[ClusterLabs] Simple master-slave DRBD with fs mount
Vladislav Bogdanov
bubble at hoster-ok.com
Fri Apr 3 09:16:38 UTC 2015
03.04.2015 12:03, Marc MAURICE wrote:
> Hi all,
>
> I spent a day debugging this with no success.
>
> I'm trying to achieve a simple master-slave DRBD failover with a
> filesystem mount.
> (Ubuntu 14.04)
...
> * The DRBD failover is working perfectly without the FS mount. I can
> migrate, or force a failover with a pacemaker stop. Everything is fine.
>
> * Then I add the Filesystem resource, with the proper constraints,
> filesystem goes up and is mounted with no problem :
>
> primitive DRBDfs ocf:heartbeat:Filesystem params device="/dev/drbd1"
> directory="/mnt/drbd" fstype="ext4"
> colocation fs_on_drbd inf: DRBDfs DRBDClone:Master
> order fs_after_drbd inf: DRBDClone:promote DRBDfs
try to replace this one with
order fs_after_drbd inf: DRBDClone:promote DRBDfs:start
Best,
Vladislav
> commit
>
> # crm_mon -1
> Last updated: Fri Apr 3 08:55:36 2015
> Last change: Fri Apr 3 08:55:22 2015 via cibadmin on lxc1
> Stack: corosync
> Current DC: lxc1 (1084752175) - partition with quorum
> Version: 1.1.10-42f2063
> 2 Nodes configured
> 3 Resources configured
>
>
> Online: [ lxc1 lxc2 ]
>
> Master/Slave Set: DRBDClone [DRBD]
> Masters: [ lxc2 ]
> Slaves: [ lxc1 ]
> DRBDfs (ocf::heartbeat:Filesystem): Started lxc2
>
> * However, nothing is working when trying to migrate manually with crm
> resource migrate, or forcing a failover with a pacemaker stop on the
> master.
>
> * The problem is that the filesystem resource is started BEFORE the
> master being promoted.
>
> * After pacemaker stop on the master :
> # crm_mon -1
> Last updated: Fri Apr 3 08:59:10 2015
> Last change: Fri Apr 3 08:55:22 2015 via cibadmin on lxc1
> Stack: corosync
> Current DC: lxc1 (1084752175) - partition with quorum
> Version: 1.1.10-42f2063
> 2 Nodes configured
> 3 Resources configured
>
>
> Online: [ lxc1 ]
> OFFLINE: [ lxc2 ]
>
>
> Failed actions:
> DRBDfs_start_0 (node=lxc1, call=124, rc=1, status=complete,
> last-rc-change=Fri Apr 3 08:59:02 2015
> , queued=61ms, exec=0ms
> ): unknown error
>
> * I tried to "hack" the shell script of the Filesystem resource agent :
> when adding a ugly sleep before mounting, everything is working fine.

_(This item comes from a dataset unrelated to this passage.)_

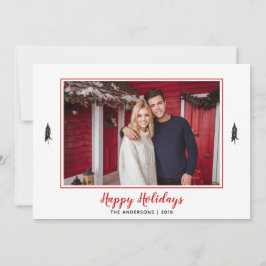 Tarjeta Festiva Rojo y blanco Gingham Flannel Foto Árbol de Navida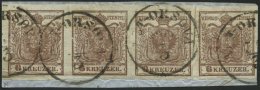 STERREICH 4X BrfStk, 1850, 6 Kr. Braun, Handpapier, Type Ia, Im Waagerechten Viererstreifen, 2. Marke Mit Plattenfehler - Usati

> * I think something is wrong with my constraints, but what ?
>
>
> * Thanks in advance !
> * See bellow my syslog during the failing failover.
>
>
> -----
> Apr 3 08:05:43 lxc1 crmd[6954]: notice: process_lrm_event: LRM
> operation DRBD_notify_0 (call=72, rc=0, cib-update=0, confirmed=true) ok
> Apr 3 08:05:43 lxc1 crmd[6954]: notice: process_lrm_event: LRM
> operation DRBD_notify_0 (call=77, rc=0, cib-update=0, confirmed=true) ok
> Apr 3 08:05:43 lxc1 Filesystem(DRBDfs)[7947]: INFO: Running start for
> /dev/drbd1 on /mnt/drbd
> Apr 3 08:05:43 lxc1 lrmd[6951]: notice: operation_finished:
> DRBDfs_start_0:7947:stderr [ blockdev: cannot open /dev/drbd1: Wrong
> medium type ]
> Apr 3 08:05:43 lxc1 lrmd[6951]: notice: operation_finished:
> DRBDfs_start_0:7947:stderr [ mount: block device /dev/drbd1 is
> write-protected, mounting read-only ]
> Apr 3 08:05:43 lxc1 lrmd[6951]: notice: operation_finished:
> DRBDfs_start_0:7947:stderr [ mount: Wrong medium type ]
> Apr 3 08:05:43 lxc1 lrmd[6951]: notice: operation_finished:
> DRBDfs_start_0:7947:stderr [
> /usr/lib/ocf/resource.d/heartbeat/Filesystem: 451:
> /usr/lib/ocf/resource.d/heartbeat/Filesystem: ocf_exit_reason: not found ]
> Apr 3 08:05:43 lxc1 crmd[6954]: notice: process_lrm_event: LRM
> operation DRBDfs_start_0 (call=75, rc=1, cib-update=25, confirmed=true)
> unknown error
> Apr 3 08:05:43 lxc1 attrd[6952]: notice: attrd_cs_dispatch: Update
> relayed from lxc2
> Apr 3 08:05:43 lxc1 attrd[6952]: notice: attrd_trigger_update:
> Sending flush op to all hosts for: fail-count-DRBDfs (INFINITY)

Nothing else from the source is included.